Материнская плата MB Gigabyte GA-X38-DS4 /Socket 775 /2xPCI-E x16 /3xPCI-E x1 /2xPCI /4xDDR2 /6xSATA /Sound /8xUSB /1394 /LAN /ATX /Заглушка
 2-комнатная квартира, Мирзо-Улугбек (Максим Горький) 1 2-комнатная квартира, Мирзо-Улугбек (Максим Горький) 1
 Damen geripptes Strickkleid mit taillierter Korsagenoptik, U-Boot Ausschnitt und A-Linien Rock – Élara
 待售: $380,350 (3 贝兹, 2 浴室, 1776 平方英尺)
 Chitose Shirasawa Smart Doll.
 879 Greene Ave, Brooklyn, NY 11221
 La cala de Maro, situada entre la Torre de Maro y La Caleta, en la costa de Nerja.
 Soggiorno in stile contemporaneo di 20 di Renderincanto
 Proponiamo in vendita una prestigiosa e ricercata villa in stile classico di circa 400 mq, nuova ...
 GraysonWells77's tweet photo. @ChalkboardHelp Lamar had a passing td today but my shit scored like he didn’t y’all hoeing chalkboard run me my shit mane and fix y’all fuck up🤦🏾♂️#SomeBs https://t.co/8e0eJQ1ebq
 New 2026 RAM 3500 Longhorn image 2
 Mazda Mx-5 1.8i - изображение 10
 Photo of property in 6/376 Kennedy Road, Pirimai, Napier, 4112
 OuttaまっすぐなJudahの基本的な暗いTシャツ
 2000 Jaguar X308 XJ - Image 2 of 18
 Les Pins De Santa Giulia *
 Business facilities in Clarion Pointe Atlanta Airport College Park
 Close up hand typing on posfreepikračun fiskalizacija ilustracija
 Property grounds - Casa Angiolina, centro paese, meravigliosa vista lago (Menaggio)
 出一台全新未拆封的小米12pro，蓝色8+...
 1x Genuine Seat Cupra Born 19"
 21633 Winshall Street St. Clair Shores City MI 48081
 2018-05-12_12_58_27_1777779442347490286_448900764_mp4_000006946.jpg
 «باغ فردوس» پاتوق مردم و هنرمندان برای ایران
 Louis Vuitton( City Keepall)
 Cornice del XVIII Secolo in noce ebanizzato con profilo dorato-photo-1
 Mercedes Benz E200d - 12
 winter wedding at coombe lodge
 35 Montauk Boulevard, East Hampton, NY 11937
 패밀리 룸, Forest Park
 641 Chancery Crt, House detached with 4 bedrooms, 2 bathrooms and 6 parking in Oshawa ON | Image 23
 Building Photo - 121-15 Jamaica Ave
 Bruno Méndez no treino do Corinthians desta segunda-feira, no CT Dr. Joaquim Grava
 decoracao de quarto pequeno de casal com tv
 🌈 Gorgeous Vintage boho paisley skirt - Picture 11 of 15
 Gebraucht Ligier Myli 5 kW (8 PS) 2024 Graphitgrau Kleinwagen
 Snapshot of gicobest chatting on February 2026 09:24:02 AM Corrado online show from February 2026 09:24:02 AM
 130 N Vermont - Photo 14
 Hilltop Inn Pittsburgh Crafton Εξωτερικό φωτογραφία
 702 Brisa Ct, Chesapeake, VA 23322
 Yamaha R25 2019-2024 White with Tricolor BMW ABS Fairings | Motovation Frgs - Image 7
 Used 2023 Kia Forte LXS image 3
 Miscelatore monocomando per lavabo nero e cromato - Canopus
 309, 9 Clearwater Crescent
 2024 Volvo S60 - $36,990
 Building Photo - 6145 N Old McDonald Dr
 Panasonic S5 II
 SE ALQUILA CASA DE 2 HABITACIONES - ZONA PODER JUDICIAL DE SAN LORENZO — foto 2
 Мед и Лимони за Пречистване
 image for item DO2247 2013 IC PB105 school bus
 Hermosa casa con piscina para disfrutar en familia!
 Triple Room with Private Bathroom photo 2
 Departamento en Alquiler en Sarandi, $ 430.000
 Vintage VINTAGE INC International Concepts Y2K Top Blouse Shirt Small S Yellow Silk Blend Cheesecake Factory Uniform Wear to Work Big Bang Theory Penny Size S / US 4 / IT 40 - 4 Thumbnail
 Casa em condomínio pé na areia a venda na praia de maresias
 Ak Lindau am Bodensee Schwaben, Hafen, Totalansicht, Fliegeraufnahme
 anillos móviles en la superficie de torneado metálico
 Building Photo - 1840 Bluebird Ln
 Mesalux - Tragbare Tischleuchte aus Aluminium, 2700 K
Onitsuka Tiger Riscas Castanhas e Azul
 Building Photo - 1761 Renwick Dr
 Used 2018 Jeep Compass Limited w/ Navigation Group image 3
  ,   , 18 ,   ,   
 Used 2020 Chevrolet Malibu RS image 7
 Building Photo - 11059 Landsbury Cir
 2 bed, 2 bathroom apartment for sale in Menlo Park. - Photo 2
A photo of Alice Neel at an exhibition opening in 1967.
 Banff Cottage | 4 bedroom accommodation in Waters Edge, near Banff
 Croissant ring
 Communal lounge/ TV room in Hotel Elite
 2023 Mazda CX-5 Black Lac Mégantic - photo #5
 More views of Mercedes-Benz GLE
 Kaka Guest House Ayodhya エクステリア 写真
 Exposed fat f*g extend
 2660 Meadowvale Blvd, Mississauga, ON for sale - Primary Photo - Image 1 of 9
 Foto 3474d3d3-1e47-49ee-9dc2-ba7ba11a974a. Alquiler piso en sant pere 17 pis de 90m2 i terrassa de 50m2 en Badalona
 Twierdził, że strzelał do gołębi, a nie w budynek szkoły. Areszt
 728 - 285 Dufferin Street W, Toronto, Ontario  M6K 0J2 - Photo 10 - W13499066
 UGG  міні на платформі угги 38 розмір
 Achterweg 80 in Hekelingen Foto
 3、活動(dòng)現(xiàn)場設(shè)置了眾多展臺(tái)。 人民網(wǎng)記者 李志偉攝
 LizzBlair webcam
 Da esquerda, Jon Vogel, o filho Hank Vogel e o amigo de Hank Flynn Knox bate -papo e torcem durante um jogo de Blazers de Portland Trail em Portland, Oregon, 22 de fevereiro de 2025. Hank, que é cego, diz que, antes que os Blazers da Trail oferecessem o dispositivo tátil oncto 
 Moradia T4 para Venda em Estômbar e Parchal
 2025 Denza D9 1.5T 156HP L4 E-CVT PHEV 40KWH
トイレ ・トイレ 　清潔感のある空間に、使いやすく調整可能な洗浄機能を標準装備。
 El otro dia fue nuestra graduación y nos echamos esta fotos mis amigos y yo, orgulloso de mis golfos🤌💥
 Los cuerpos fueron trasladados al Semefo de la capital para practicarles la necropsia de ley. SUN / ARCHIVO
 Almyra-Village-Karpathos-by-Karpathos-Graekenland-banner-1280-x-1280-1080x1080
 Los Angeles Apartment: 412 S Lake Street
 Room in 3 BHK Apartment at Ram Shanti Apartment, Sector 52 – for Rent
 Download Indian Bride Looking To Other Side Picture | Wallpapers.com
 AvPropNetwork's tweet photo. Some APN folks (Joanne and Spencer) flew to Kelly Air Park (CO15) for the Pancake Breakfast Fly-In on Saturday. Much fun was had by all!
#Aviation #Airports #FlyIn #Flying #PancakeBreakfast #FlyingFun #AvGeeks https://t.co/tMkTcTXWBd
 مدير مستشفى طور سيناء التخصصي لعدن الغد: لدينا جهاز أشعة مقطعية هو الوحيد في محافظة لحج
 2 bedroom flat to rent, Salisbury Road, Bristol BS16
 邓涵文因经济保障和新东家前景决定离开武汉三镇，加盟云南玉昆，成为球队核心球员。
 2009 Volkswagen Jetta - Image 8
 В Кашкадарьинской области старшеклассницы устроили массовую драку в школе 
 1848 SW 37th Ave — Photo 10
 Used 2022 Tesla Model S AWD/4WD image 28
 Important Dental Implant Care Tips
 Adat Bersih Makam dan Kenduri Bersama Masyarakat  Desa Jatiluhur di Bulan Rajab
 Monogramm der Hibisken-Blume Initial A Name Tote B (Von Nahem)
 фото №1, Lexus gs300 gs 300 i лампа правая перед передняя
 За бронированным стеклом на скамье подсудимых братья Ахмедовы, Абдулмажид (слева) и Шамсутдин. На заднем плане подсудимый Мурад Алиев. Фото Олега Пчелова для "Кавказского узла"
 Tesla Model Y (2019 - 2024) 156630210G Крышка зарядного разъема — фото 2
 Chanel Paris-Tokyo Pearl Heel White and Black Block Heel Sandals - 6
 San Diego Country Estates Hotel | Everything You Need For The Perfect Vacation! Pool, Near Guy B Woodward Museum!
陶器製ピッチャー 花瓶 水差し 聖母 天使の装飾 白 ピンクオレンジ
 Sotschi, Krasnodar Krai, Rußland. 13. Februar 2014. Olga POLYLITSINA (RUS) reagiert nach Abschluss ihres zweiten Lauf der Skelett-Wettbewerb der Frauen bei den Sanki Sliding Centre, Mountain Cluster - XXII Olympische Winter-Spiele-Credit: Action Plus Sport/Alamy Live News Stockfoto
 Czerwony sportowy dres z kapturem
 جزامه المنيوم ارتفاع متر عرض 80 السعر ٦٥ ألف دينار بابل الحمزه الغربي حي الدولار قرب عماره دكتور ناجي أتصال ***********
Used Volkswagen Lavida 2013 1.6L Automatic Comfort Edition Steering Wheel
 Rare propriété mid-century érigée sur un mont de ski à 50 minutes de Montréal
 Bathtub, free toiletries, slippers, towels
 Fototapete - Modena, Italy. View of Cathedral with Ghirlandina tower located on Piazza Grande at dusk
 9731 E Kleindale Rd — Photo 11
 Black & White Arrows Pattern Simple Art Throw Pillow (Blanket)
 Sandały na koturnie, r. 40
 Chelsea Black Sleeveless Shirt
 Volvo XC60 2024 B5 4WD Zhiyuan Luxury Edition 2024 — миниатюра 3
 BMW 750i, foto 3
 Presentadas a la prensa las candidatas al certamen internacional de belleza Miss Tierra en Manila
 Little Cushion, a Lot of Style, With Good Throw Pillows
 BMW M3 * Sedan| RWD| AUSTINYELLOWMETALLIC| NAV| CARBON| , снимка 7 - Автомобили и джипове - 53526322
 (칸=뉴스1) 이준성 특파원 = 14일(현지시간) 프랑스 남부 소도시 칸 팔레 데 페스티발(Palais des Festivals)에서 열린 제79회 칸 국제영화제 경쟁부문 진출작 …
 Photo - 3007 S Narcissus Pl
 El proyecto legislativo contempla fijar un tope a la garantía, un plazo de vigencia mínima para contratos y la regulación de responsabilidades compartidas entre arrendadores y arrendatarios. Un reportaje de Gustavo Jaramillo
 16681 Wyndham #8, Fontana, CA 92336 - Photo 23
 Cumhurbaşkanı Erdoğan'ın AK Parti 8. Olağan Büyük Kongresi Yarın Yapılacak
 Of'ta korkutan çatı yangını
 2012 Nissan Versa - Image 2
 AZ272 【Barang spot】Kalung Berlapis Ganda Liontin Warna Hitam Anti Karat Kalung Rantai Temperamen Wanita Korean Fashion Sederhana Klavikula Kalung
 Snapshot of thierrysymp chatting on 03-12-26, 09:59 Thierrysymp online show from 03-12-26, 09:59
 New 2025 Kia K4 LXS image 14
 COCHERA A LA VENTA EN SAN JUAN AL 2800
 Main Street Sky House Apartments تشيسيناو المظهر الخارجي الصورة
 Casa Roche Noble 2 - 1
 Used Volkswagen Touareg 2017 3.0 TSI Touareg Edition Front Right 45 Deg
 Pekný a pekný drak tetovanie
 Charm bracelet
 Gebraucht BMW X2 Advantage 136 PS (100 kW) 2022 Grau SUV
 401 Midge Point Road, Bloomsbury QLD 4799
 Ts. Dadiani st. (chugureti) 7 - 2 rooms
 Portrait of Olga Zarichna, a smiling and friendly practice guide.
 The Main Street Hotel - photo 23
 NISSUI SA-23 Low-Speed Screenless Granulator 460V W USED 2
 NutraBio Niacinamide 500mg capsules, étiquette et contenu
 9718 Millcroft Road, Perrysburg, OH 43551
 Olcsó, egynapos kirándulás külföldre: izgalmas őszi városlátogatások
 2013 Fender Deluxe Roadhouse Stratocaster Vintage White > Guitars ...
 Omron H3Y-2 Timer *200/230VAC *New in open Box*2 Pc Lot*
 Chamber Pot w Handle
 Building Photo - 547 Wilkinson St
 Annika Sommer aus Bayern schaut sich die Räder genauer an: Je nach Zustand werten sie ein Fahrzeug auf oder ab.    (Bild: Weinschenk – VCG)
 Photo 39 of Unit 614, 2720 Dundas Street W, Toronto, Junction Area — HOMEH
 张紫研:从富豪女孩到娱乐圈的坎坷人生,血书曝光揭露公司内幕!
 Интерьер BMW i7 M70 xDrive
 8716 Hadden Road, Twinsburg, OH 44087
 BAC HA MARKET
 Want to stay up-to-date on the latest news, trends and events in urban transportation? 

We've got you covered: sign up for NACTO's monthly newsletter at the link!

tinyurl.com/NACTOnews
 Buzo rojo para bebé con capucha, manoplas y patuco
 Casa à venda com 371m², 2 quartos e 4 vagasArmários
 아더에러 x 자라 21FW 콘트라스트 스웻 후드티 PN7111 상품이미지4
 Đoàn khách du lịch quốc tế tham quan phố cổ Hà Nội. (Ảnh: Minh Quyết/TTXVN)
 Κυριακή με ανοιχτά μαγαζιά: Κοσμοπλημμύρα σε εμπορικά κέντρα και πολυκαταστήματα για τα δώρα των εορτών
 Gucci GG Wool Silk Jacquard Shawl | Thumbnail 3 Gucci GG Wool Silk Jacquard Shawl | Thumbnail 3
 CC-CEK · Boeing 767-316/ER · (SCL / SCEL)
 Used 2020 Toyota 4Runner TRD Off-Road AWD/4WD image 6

REQUIRED ACTION: Out of the material above, output word for word the line with "Mercedes Benz E200d - 12", the line with "Building Photo - 121-15 Jamaica Ave", and all lines between them, with nothing else.

EXPECTED OUTPUT:
 Mercedes Benz E200d - 12
 winter wedding at coombe lodge
 35 Montauk Boulevard, East Hampton, NY 11937
 패밀리 룸, Forest Park
 641 Chancery Crt, House detached with 4 bedrooms, 2 bathrooms and 6 parking in Oshawa ON | Image 23
 Building Photo - 121-15 Jamaica Ave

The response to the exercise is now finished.